Sollte das noch erfolgen, wird hier jedenfalls “nachberichtet”.
Der Umfang dieser Berichterstatttung wird sich an der Erklärungs-/Aussagekraft der ministeriellen Ausführungen orientieren.
Nachbemerkung, 12.1.2017, 5.30 Uhr: Labern was das Zeug hält, war am Donnerstag angesagt, als der neue Innenminister eine Pressekonferenz zum Thema Asyl abhielt.
Die Medien, die offenkundig nicht imstande sind, zwischen Anträgen, Verfahren und Entscheidungen zu unterscheiden, stießen sich an der Wortwahl des neuen Ministers, der “Flüchtlinge” mit laufendem Asylverfahren “konzentriert” unterbringen will.
Konzentriert wie in Konzentrationslager.
Davon abgesehen bleibt alles wie gehabt (und von der Vorgänger-Regierung in die Wege geleitet).
Die Einwanderung ins Sozialsystem via Asylgewährung geht munter weiter. Wo das Zaubertöpfchen des BFA steht, aus dem die vielen Verfahren dringen, die es gar nicht geben dürfte, wollte der Minister auch nicht sagen.
Konzentrations-Kickl ist schon zufrieden den wilden Mann spielen zu dürfen – auch wenn das schlecht für die Vermieter von nicht mehr konkurrenzfähigen Fremdenzimmern bzw. die Auslastung der hiesigen Tourismusbetriebe wäre.
Und unsere Schoßhündchen machen gerne dabei mit, hilft es doch ungemein Kickl ein Hitlerbärtchen aufzumalen.
Nachbemerkung II, 12.1.2018, 6.30 Uhr: Die Manipulierei mit der Asylstatistik geht ungebremst weiter und scheint nun auch das Eurostat erfasst zu haben.
Wie von Zauberhand scheinen die vorgestern an dieser Stelle per Faksimilie veröffentlichten Eurostat-Daten 2017 über die am Monatsende anhängigen Asylverfahren verschwunden – siehe folgenden Screenshot einer aktuell, am Freitagfrüh dazu durchgeführten Eurostat-Abfrage.
Dieses Bild ergibt die Datenbankabfrage aktuell:
Das errmöglicht es dem neuen Minister und seinem Behördenleiter auch zu behaupten, die Zahl der offenen Anträge sei von 64.000 auf 31.500 reduziert worden
Hier noch einmal der Screenshot der vor zwei Tagen durchgeführten selben Abfrage.
Die ministerielle Behauptung, die laufenden Verfahren hätten sich 2017 mehr als halbiert, könnte mit diesen Eurostat-Daten (ev. inkl. Ergänzung um die Dezember-Zahlen) nie und nimmer erhoben werden. Eurostat zeigt einen Rückgang um nur +/- 20 Prozent.
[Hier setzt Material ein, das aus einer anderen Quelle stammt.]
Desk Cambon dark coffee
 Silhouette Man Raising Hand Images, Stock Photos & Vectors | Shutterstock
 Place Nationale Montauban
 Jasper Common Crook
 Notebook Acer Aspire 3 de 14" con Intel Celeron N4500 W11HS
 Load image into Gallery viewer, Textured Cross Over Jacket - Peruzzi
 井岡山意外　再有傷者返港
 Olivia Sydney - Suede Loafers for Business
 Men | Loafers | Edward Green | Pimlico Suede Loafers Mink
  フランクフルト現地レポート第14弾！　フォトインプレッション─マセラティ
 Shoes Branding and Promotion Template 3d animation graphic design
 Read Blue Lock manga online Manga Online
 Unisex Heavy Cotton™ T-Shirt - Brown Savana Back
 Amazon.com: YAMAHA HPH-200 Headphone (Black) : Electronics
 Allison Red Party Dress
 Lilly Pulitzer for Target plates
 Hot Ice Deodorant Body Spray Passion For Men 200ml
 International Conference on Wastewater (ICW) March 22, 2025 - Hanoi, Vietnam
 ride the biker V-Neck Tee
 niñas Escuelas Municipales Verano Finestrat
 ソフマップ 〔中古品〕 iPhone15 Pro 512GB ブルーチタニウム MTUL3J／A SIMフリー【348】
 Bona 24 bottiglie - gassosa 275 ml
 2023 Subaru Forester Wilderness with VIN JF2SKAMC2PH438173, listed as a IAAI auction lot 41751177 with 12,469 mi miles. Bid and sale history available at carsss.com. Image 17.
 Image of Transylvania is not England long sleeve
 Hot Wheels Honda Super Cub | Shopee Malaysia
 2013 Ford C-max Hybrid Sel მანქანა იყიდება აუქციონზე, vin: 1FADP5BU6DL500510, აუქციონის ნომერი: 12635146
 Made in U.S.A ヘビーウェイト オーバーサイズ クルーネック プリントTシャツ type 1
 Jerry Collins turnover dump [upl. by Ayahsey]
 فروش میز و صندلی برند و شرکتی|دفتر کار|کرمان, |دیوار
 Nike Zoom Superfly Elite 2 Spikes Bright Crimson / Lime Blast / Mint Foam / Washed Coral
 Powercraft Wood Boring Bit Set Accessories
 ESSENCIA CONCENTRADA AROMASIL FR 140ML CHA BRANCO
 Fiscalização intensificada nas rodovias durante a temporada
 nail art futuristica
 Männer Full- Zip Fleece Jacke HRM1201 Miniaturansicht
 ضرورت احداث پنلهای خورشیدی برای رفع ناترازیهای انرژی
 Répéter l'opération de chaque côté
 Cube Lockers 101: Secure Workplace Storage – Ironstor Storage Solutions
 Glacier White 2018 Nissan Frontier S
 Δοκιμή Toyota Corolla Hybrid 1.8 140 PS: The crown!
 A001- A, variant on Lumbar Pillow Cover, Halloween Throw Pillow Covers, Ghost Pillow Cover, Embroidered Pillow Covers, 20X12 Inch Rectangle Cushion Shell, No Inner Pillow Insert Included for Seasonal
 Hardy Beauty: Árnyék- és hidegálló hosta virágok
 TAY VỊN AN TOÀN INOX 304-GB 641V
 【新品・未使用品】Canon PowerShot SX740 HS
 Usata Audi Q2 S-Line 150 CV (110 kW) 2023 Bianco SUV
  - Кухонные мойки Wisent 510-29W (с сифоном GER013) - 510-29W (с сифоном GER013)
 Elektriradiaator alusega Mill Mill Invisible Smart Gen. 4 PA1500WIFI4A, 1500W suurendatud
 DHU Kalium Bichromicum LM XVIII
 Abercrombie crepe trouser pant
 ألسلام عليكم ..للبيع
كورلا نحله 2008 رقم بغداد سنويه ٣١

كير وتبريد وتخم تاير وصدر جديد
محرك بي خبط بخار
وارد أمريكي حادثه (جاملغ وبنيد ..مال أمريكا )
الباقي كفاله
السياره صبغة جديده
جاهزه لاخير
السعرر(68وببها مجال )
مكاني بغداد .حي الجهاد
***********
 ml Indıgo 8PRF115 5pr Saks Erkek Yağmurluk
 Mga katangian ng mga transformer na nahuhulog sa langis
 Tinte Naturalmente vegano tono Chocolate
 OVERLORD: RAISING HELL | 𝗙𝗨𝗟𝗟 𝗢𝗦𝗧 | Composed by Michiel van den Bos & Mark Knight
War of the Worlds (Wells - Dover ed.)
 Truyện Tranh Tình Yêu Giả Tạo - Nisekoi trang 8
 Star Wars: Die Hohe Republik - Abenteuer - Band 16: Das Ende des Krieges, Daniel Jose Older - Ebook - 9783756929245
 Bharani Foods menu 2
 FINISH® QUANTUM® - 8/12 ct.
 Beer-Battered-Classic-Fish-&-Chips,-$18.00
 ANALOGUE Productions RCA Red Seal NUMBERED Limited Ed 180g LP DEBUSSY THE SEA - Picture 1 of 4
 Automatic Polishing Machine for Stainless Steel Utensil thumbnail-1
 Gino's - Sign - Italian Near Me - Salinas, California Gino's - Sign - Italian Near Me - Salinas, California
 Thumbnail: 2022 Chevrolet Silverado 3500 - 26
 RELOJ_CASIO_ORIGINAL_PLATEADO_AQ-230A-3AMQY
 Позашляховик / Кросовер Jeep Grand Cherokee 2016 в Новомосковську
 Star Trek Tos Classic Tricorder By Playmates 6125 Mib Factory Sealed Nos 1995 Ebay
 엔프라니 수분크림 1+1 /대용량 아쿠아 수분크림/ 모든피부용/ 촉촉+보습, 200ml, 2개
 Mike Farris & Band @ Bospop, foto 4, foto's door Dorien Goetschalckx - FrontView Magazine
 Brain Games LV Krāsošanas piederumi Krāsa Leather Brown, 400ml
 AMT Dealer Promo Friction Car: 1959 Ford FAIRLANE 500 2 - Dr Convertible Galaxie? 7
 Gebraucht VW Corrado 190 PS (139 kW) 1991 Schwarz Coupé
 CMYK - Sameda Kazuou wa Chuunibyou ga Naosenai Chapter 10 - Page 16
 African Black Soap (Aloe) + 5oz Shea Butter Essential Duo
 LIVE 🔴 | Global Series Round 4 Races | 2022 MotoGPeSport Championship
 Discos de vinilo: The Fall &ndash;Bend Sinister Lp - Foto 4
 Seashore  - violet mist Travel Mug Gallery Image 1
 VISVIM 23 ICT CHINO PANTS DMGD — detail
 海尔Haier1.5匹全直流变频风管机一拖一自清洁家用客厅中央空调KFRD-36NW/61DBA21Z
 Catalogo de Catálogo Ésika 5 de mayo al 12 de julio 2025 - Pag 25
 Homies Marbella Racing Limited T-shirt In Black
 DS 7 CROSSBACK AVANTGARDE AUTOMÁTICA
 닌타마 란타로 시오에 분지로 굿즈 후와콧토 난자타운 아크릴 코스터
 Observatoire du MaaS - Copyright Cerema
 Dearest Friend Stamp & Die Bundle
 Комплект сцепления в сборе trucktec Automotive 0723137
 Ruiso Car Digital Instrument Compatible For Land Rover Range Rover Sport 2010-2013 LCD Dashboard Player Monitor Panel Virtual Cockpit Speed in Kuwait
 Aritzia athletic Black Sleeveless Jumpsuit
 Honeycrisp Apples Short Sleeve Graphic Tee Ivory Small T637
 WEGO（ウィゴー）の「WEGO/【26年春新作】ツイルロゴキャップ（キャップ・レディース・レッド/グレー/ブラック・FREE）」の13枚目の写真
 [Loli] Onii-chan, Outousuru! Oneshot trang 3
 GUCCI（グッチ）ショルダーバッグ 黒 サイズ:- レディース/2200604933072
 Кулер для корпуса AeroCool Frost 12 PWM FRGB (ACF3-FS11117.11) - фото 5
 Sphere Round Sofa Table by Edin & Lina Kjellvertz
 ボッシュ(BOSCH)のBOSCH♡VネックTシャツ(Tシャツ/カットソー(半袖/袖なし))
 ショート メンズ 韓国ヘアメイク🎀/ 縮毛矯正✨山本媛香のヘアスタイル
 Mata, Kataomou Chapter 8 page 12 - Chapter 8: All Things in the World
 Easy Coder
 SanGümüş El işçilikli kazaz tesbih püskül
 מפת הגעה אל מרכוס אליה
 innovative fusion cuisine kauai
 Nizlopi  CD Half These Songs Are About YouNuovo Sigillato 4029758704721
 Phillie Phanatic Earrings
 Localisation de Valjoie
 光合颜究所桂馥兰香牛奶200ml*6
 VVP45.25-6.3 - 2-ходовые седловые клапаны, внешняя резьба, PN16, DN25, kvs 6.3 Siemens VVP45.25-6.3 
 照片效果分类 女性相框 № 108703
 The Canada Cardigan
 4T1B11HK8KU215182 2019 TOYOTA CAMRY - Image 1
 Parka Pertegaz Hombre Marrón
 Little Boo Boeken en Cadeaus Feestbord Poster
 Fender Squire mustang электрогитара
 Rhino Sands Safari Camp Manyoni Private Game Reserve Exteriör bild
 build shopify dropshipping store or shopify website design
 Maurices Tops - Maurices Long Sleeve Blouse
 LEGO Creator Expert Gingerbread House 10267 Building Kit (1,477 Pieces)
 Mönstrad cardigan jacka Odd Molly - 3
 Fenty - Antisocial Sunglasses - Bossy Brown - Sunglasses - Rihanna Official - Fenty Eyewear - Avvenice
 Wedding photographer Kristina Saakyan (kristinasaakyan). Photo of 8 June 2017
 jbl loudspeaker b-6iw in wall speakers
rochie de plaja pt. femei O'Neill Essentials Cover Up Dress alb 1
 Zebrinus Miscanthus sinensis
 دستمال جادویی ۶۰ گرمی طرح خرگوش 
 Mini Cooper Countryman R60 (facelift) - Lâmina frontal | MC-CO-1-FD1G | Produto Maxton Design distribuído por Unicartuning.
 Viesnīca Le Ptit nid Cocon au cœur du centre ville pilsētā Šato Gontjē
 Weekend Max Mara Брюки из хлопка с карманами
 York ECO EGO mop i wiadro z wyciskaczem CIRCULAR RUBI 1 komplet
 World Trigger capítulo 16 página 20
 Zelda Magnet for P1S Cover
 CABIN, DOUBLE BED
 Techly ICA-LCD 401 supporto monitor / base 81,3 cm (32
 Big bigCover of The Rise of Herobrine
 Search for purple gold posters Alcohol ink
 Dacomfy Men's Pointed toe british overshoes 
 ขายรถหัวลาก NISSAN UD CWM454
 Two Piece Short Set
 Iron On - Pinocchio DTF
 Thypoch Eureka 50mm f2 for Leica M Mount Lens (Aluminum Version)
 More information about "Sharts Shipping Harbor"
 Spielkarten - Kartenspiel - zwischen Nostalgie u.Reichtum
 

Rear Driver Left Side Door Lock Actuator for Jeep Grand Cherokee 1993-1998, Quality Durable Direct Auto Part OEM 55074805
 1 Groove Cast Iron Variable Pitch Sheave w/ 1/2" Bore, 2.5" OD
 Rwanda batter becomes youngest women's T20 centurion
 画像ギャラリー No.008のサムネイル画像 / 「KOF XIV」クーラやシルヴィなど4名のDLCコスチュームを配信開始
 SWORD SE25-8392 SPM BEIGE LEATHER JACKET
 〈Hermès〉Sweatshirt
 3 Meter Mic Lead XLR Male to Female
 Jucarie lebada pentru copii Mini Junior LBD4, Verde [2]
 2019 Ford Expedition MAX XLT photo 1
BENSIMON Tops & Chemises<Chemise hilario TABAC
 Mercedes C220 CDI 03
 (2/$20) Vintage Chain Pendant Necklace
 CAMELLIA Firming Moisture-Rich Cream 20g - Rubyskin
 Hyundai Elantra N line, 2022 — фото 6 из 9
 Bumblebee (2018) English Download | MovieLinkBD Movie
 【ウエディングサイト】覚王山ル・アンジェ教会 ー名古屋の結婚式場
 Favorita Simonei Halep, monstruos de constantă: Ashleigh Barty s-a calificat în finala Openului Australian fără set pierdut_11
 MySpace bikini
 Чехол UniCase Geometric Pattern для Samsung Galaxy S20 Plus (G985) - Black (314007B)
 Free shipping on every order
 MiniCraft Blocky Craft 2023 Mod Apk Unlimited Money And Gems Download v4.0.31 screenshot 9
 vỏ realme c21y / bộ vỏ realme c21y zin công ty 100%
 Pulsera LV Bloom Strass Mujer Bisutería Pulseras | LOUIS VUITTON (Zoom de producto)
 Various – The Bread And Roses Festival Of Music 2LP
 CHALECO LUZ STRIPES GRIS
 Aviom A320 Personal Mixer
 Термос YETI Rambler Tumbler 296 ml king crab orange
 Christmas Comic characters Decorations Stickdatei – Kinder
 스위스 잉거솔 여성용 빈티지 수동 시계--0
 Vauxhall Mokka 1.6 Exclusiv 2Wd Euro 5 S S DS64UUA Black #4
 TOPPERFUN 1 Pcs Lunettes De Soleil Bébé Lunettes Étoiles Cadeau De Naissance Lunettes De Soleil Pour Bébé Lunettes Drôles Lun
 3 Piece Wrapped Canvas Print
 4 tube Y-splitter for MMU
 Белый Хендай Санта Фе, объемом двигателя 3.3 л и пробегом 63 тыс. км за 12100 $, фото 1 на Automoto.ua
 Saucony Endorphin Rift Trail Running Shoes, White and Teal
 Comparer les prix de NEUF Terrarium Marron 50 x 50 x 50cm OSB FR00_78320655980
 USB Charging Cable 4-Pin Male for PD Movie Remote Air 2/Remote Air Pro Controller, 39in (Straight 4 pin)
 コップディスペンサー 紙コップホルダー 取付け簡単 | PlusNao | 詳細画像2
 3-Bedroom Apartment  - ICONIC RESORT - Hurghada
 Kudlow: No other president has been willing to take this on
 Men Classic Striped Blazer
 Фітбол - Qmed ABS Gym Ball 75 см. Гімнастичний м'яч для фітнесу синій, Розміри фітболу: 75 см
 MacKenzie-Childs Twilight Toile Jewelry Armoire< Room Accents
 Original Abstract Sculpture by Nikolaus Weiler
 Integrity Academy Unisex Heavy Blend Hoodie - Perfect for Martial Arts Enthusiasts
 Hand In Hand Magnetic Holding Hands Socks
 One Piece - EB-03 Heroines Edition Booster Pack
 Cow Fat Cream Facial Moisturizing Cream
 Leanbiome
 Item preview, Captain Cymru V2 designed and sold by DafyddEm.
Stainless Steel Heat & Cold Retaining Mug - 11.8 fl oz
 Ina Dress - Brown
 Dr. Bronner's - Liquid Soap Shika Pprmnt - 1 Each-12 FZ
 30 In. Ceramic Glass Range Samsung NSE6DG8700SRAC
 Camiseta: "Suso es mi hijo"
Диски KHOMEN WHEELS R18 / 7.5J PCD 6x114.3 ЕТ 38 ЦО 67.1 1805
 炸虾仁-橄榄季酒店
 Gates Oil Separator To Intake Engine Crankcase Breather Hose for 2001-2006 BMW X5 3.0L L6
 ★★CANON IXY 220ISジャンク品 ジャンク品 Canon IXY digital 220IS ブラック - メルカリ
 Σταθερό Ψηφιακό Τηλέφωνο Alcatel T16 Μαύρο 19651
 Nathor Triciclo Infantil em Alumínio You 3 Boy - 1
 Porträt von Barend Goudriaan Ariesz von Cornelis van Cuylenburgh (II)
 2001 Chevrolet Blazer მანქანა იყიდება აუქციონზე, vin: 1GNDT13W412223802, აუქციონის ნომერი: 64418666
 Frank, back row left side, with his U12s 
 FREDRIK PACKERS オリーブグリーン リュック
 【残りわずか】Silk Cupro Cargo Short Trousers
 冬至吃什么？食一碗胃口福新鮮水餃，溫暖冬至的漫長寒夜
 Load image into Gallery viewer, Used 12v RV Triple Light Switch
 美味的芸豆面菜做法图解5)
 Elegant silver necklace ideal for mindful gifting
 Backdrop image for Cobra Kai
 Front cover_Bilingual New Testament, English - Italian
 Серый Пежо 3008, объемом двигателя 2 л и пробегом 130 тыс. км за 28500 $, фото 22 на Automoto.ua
NB III, 12.1.2018, 07.30 Uhr: “Bin schon wieder da”, hätte der selige Jörg Haider gesagt.
Die Monatszahlen für die schwebenden Verfahren im Jahr 2017 sind bei Eurostat wieder aufgetaucht.
Wie, bitteschön, kann man vor diesem Hintergrund glaubwürdig behaupten, man habe die Zahl der offenen Verfahren um mehr als 50 Prozent gesenkt?